Oil climbs to highest since 2018 on demand growth, OPEC+ caution
Global benchmark Brent futures closed at $76.18 while United States West Texas Intermediate crude rose to $74.05 – the highest closes for both since October 2018.
As oil prices rise, all eyes are on the Organization of the Petroleum Exporting Countries, Russia and allies - together called OPEC+, and due to meet on July 1 to discuss further easing of their output cuts from August onwards [File: Richard Carson/Reuters]
25 Jun 2021
Oil prices climbed to their highest since October 2018 on Friday, putting both benchmarks up for a fifth week in a row on expectations that demand growth will outstrip supply and OPEC+ will be cautious in returning more crude to the market from August onwards.
Global benchmark Brent futures rose 62 cents, or 0.8 percent, to settle at $76.18 a barrel, while United States West Texas Intermediate (WTI) crude rose 75 cents, or 1.0 percent, to $74.05.
Those were the highest closes for both benchmarks since October 2018 and put both contracts up over 3 percent for the week.
“Crude prices rallied on an improving demand outlook and over expectations the market will remain tight as OPEC+ is likely to only deliver a small boost to output at the July 1st ministerial meeting,” said Edward Moya, senior market analyst at OANDA.

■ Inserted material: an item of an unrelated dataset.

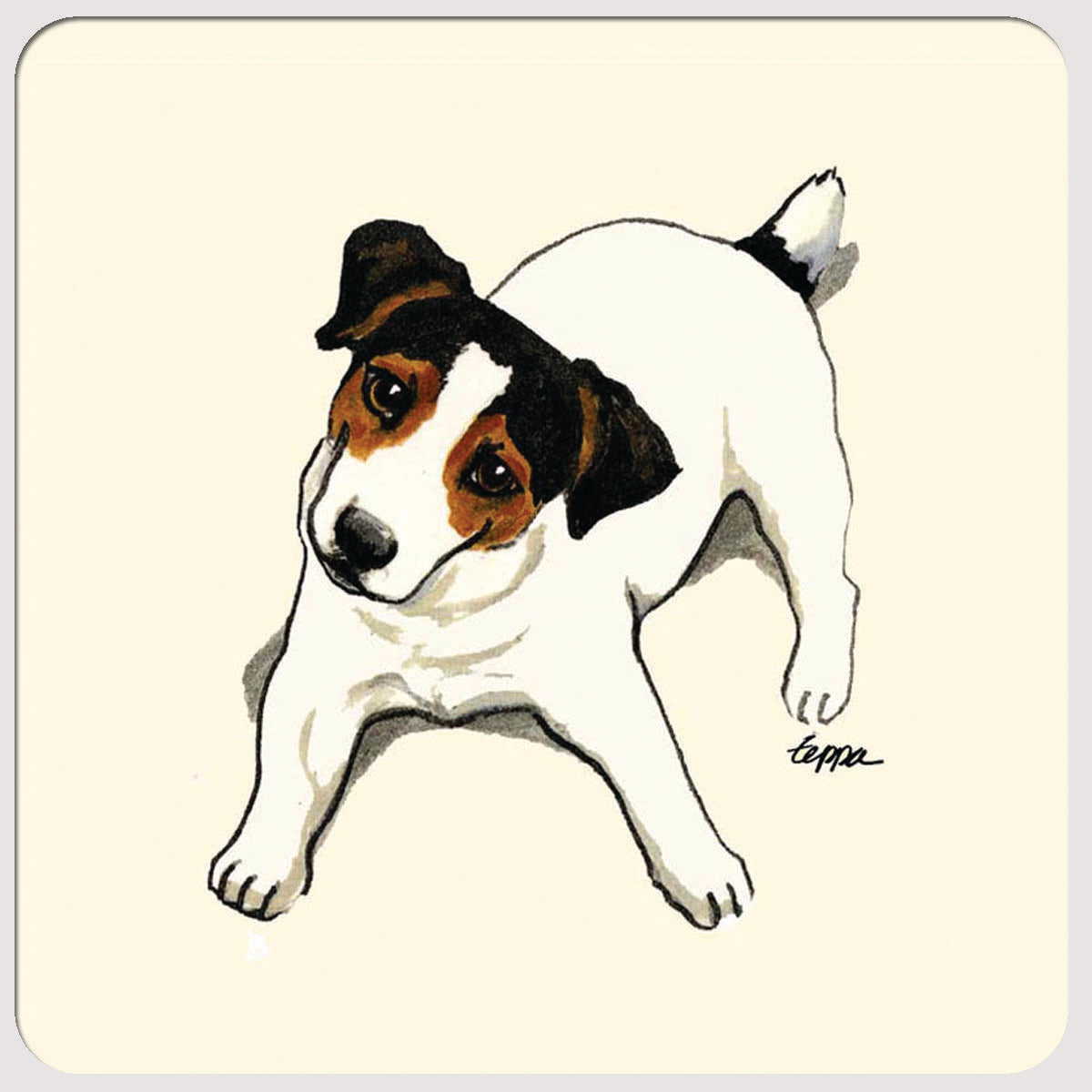 Jack Russell Terrier Beverage Coasters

All eyes are on the Organization of the Petroleum Exporting Countries, Russia and allies – together called OPEC+, and due to meet on July 1 to discuss further easing of their output cuts from August.

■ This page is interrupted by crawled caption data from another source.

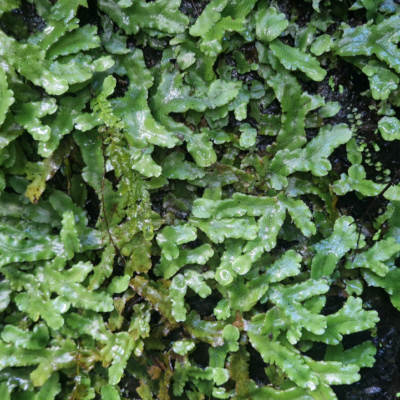 Hymenophyllum neocaledonicum Madère, forêt laurifère.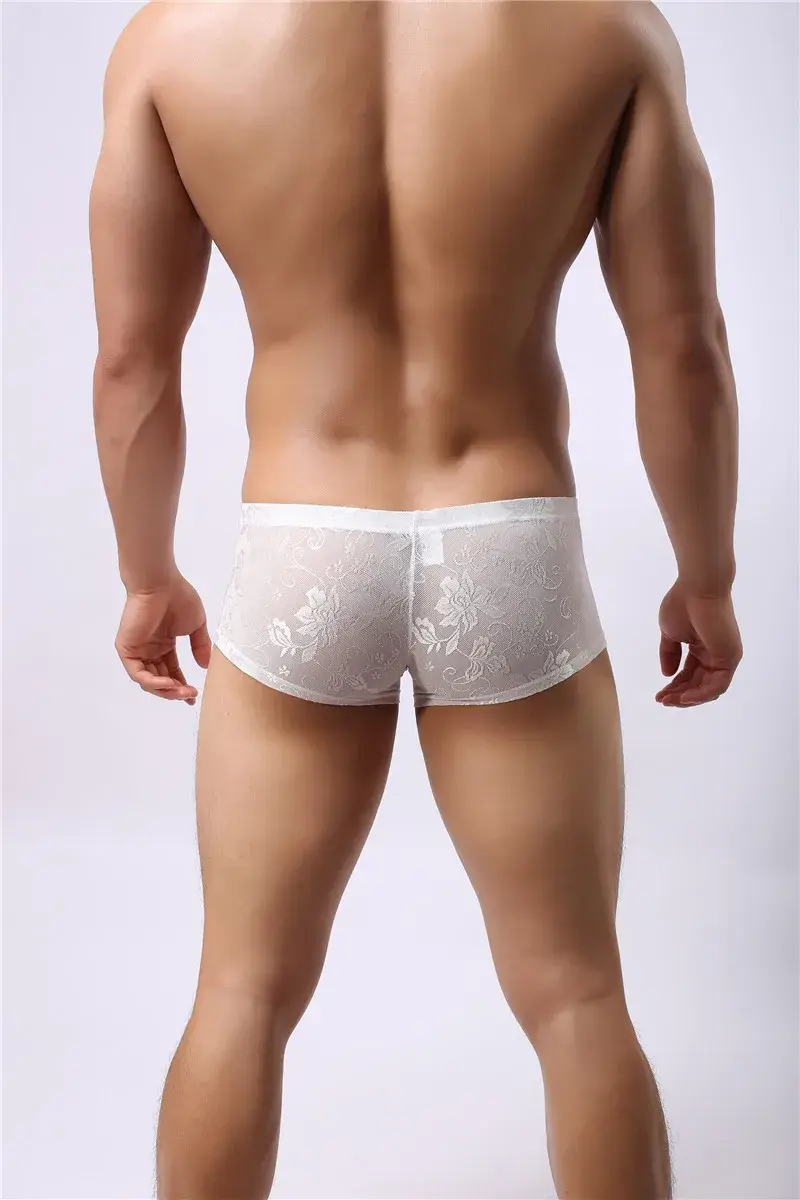 Sexy Mens Boxers Shorts Mesh Man Underwear Lingerie Trunk Transparent Mesh See Through Lace Underpants
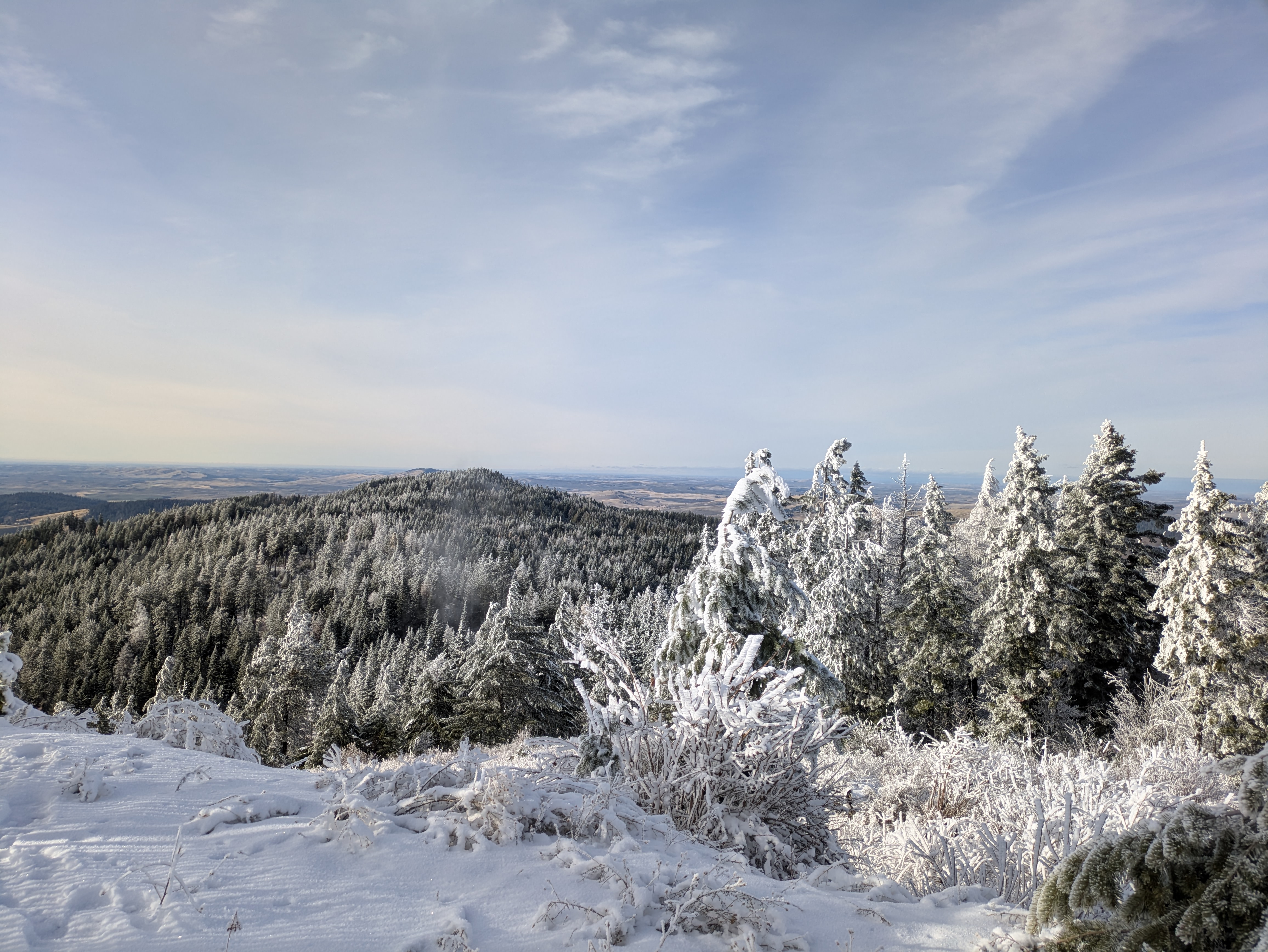 Chosen Family During the Holiday Season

“The producer group has ample space to boost supply without derailing the drawdown in oil stocks, given the rosier demand outlook,” said Stephen Brennock of oil broker PVM.
On the demand side, the key factors OPEC+ will have to consider are strong growth in the US, Europe and China, bolstered by coronavirus vaccine roll-outs and economies reopening, according to analysts who said this was countered by rising COVID-19 cases and outbreaks in other places.
The prospect of sanctions on Iran being lifted and more of its oil hitting the market anytime soon has dimmed, with a US official saying serious differences remain over a range of issues over Tehran’s compliance with the 2015 nuclear deal.
The lack of an interim agreement between the United Nations nuclear watchdog and Iran on the monitoring of atomic activities is a serious concern that has been communicated to Tehran, US Secretary of State Antony Blinken said on Friday.
Iran has not responded to the UN nuclear watchdog on extending a monitoring agreement that expired overnight, the agency said on Friday, hours after Washington warned that not prolonging it would harm efforts to revive the 2015 Iran nuclear deal.
“If an Iran agreement is not reached by July 1, we anticipate OPEC+ returning to month-by-month quota setting and announcing a modest production increase for August at its meetings next week,” analysts at ClearView Energy Partners LLC said in a report.
Meanwhile, the number of US oil rigs, an early indicator of future output, fell by one to 372 this week, according to energy services firm Baker Hughes Co. Despite that small decline, the rig count gained 13 in June – its 10th monthly rise – and increased 48 in the second quarter, its third consecutive quarterly rise.